Mais le vent avait tourné. Ce programme-là, le Führer l’avait mis en veilleuse. Il était lucide. Il savait que son électorat était beaucoup plus à droite qu’à gauche. Pour ses campagnes électorales, Hitler avait trouvé beaucoup d’argent auprès des magnats de la Ruhr. Après cela, était-il opportun de parler de nationalisations?
Il y avait aussi le vieux maréchal. Ce roc superbe qui semblait symboliser la fière Allemagne. Hindenburg voyait d’un très mauvais œil cette soi-disant armée, ces gens en uniforme qui singeaient les professionnels. Ce qu’on lui rapportait de leurs excès lui répugnait profondément. L’existence des S.A., à ses yeux, compromettait ce à quoi il était attaché avant tout : l’ordre.

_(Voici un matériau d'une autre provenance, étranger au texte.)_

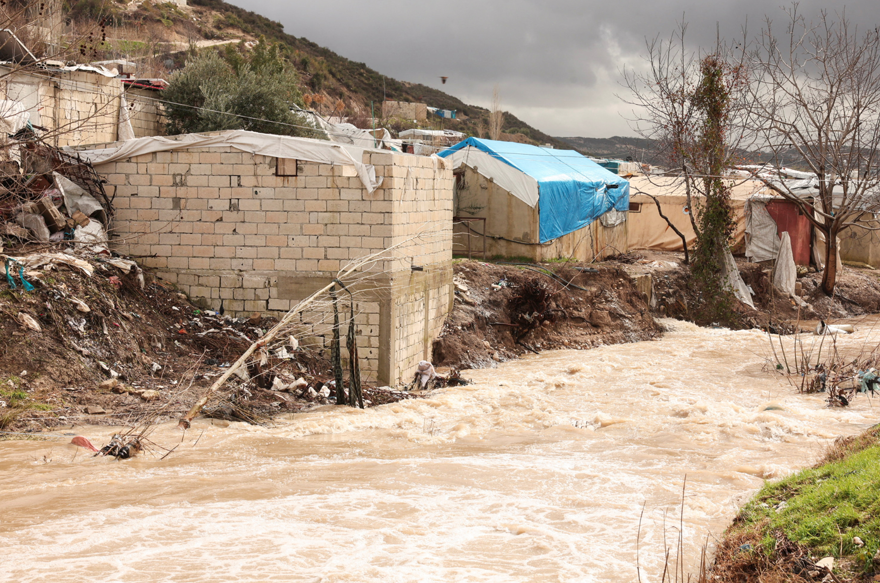 BİR MİLYON KİŞİ KAMPLARDA YAŞIYOR 2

Hitler en était venu à craindre que l’antipathie profonde du maréchal se transférât sur sa personne. Hitler, colosse aux pieds d’argile, avait besoin d’Hindenburg. Que l’appui du maréchal lui soit retiré, et le pouvoir lui échappait.
Or, Röhm continuait de pérorer. Il parlait d’une nouvelle révolution. D’après lui, la première révolution nationale-socialiste avait eu pour but de mettre Hitler au pouvoir. Maintenant que le pouvoir était conquis, il fallait réussir la seconde révolution, c’est-à-dire socialiser l’Allemagne.
Ce fut le temps où l’on répéta, chez les S.A., qu’il fallait aiguiser les longs couteaux. Origine d’une expression appelée à entrer dans l’histoire. Mais pas dans le sens que croyaient les S.A.

Tout tournait autour des S.A.

Roehm répétait aussi qu’il fallait dire leur fait aux salonnards galonnés qui commandaient la Reichswehr. Ne revendiquait-il pas aussi que les officiers S.A. soient assimilés aux officiers de la Reichswehr ? D’ailleurs, il fallait fondre l’a Reichswehr dans la S.A. Roehm déclarait qu’il était lui-même tout désigné pour commander cette nouvelle armée allemande.
Des paroles, encore, que Hitler ne pouvait accepter. La Reichswehr n’était pas très nombreuse. Mais elle était remarquablement commandée. Une élite de généraux choisis parmi les meilleurs de la guerre 14-18. Des officiers de grande qualité et des soldats admirablement entraînés. Hitler savait que cette Reichswehr valait plus à elle seule que les trois millions de braillards de la S.A.
Le dessein final inscrit dans Mein Kampf était la guerre, cette guerre qui donnerait à l’Allemagne son espace vital. Hitler, pour faire la guerre, avait besoin de l’armée. Au début de 1934, la Reichswehr ne s’était pas encore prononcée pour Hitler. Ses chefs étaient dans l’expectative. Ils haïssaient cordialement les S.A. Hitler était-il oui ou non l’homme des S.A.? Décidément, dans l’Allemagne de 1934, tout tournait autour des S.A.